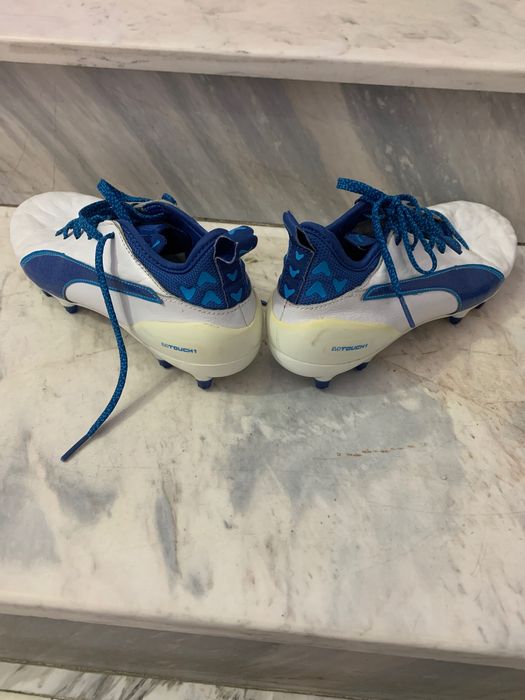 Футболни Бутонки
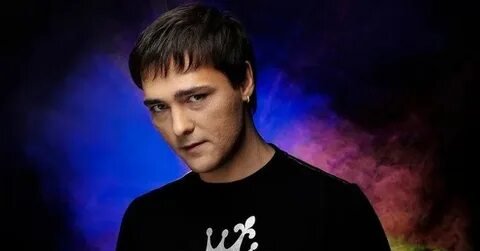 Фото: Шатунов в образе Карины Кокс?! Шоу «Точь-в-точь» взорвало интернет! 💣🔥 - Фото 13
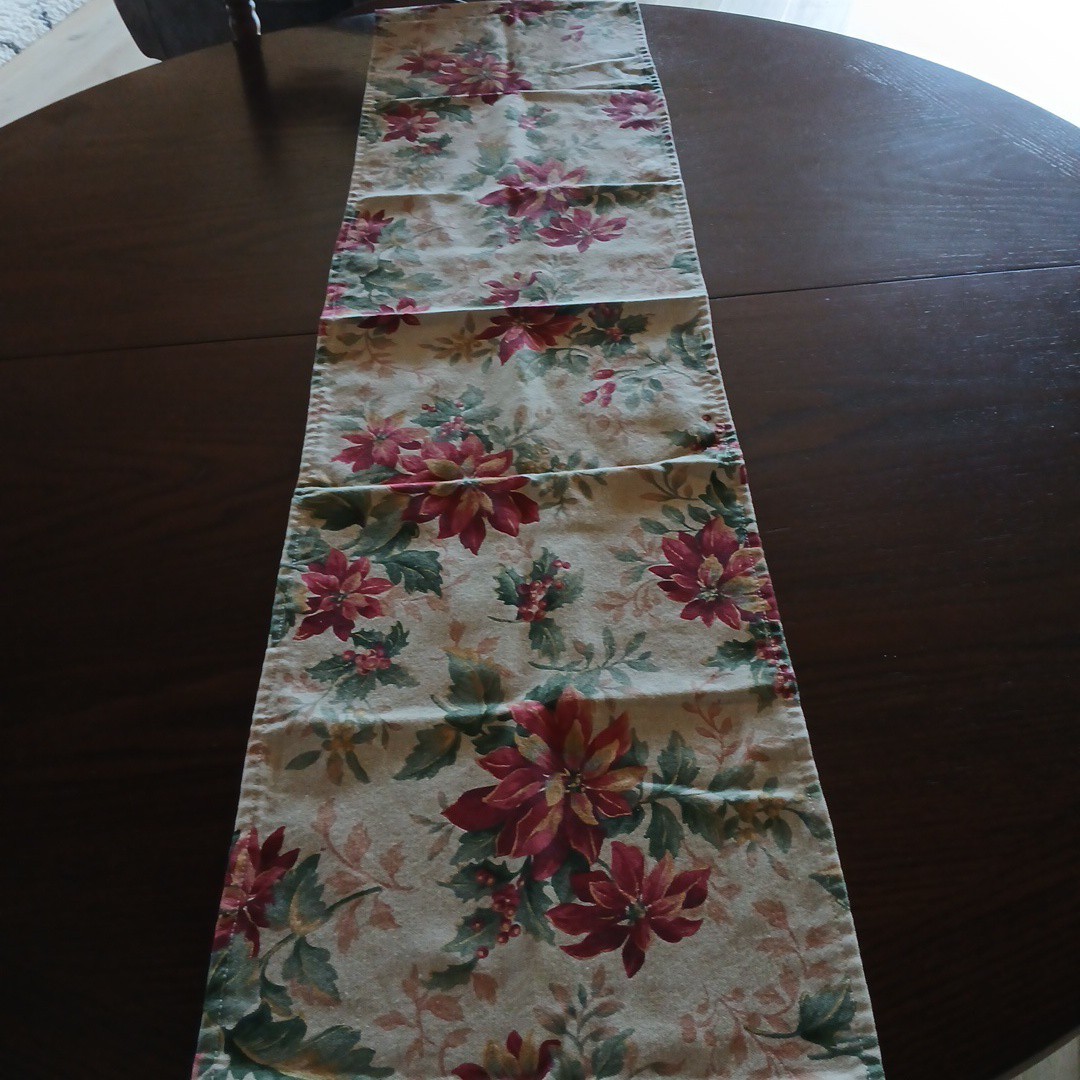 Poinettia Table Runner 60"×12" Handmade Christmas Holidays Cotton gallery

* * *

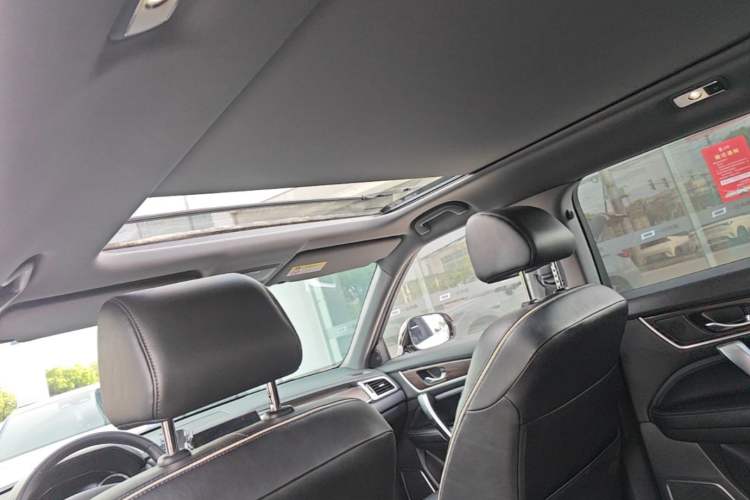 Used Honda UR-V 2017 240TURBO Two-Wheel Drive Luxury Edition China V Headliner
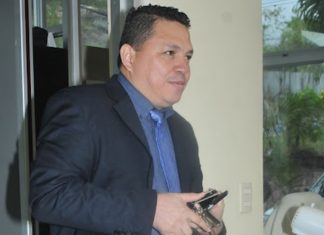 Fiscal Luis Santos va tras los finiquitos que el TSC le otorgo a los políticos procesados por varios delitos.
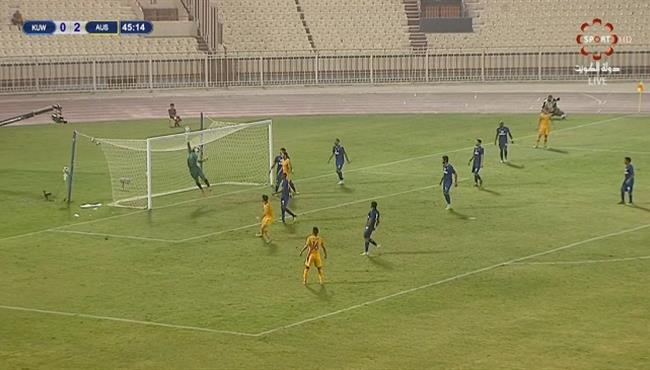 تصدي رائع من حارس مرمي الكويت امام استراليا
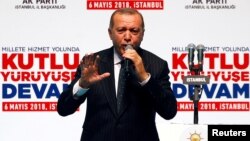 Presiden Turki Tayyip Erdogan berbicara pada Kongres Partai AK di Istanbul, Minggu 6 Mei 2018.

* * *

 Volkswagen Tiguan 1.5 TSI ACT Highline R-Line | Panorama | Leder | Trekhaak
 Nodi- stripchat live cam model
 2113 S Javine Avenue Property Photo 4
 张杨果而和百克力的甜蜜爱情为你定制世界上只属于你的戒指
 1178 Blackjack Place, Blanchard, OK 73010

### Assignment:
Reproduce, word for word, everything in the listing above from the line containing "Футболни Бутонки" down to the line containing "Poinettia Table Runner", both of them included. No pictures.

### Worked solution:
 Футболни Бутонки
 Фото: Шатунов в образе Карины Кокс?! Шоу «Точь-в-точь» взорвало интернет! 💣🔥 - Фото 13
 Poinettia Table Runner 60"×12" Handmade Christmas Holidays Cotton gallery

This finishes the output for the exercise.